**PROBLEM TO WORK ON**
Exclude every picture. Output verbatim the lines from the one containing "French or Italian Carved Giltwood ArmChair" to the end of the data.

ENTRIES SHOWN: Begin

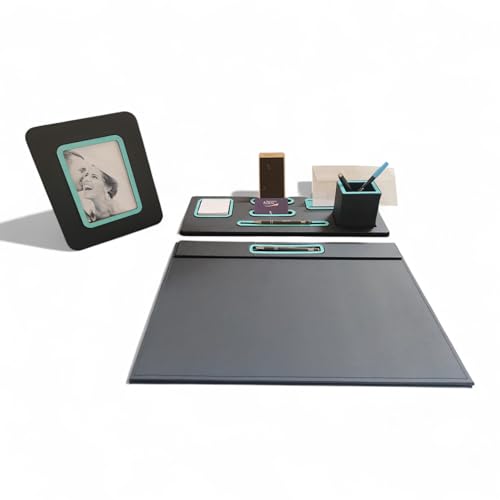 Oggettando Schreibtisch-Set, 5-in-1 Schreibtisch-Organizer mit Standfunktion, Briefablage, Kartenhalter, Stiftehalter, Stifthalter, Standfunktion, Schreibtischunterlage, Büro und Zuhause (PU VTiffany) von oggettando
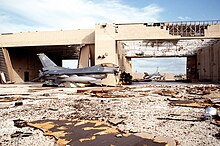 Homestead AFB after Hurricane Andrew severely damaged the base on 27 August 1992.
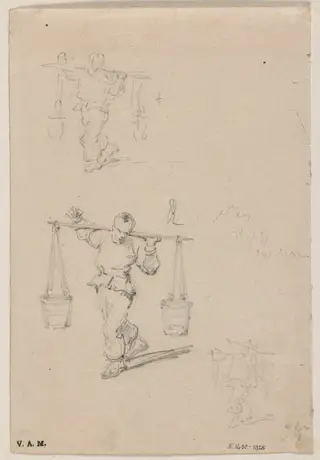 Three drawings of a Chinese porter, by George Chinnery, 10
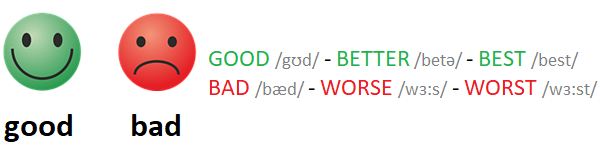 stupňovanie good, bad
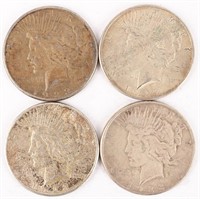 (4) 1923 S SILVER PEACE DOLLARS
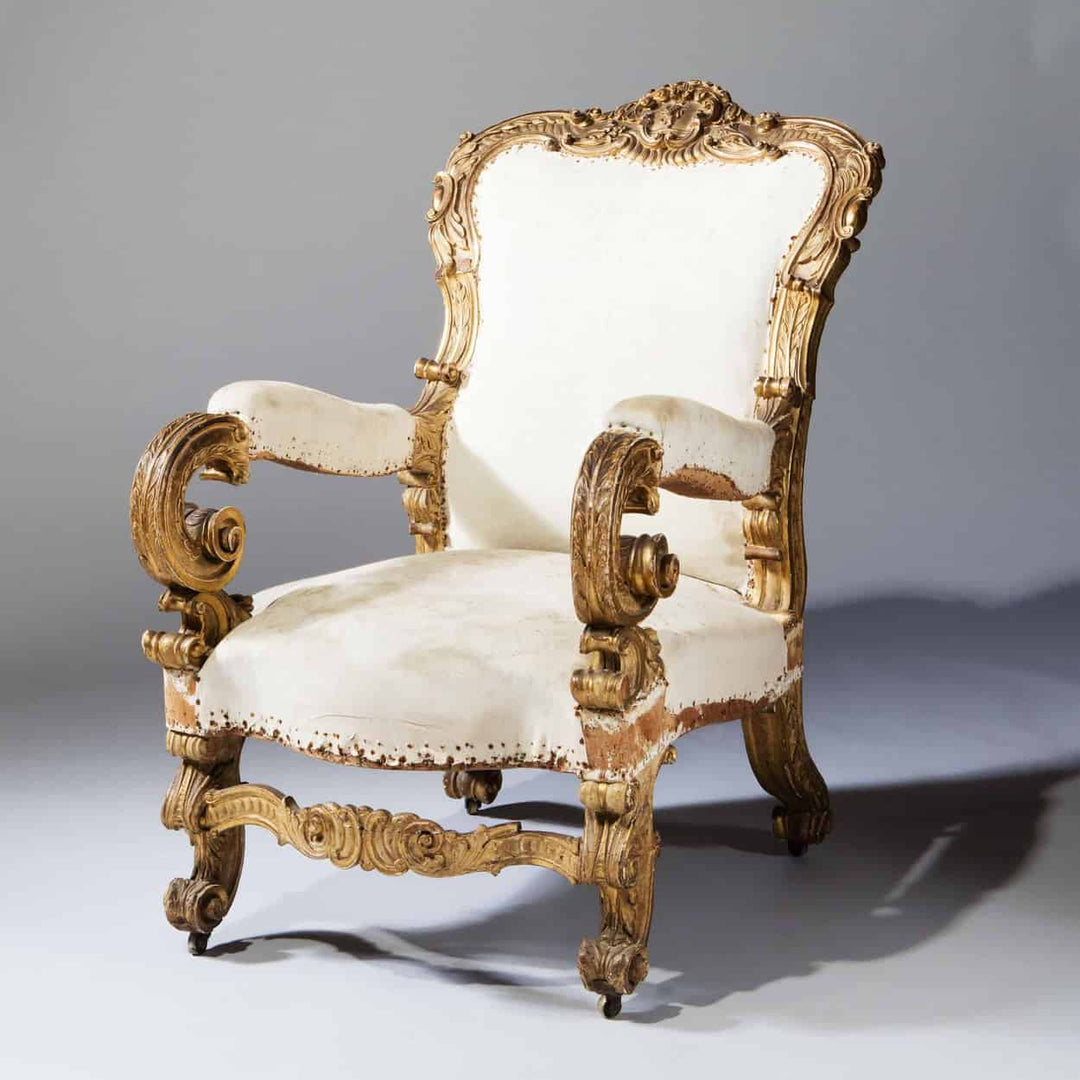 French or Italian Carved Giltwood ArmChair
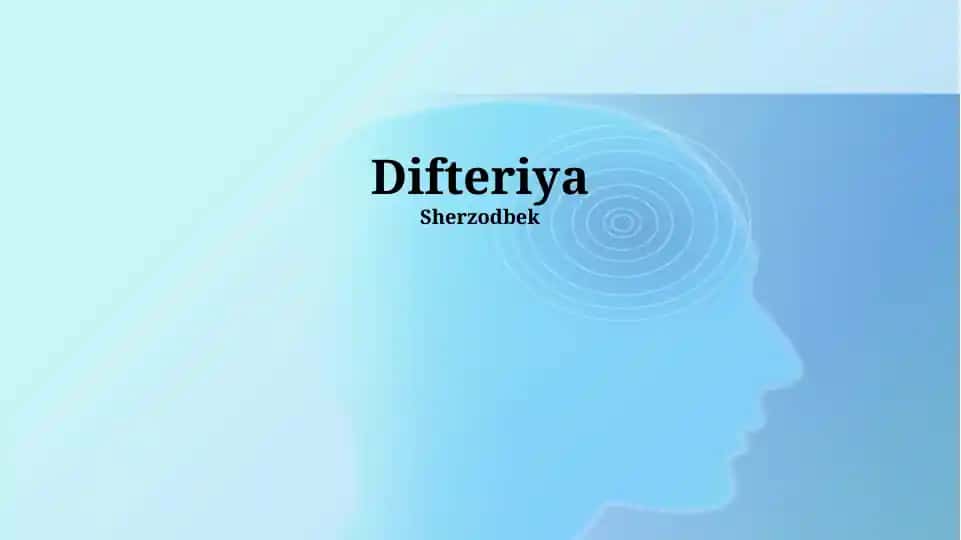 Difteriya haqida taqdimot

ENTRIES SHOWN: End

**SOLUTION BELOW**
 French or Italian Carved Giltwood ArmChair
 Difteriya haqida taqdimot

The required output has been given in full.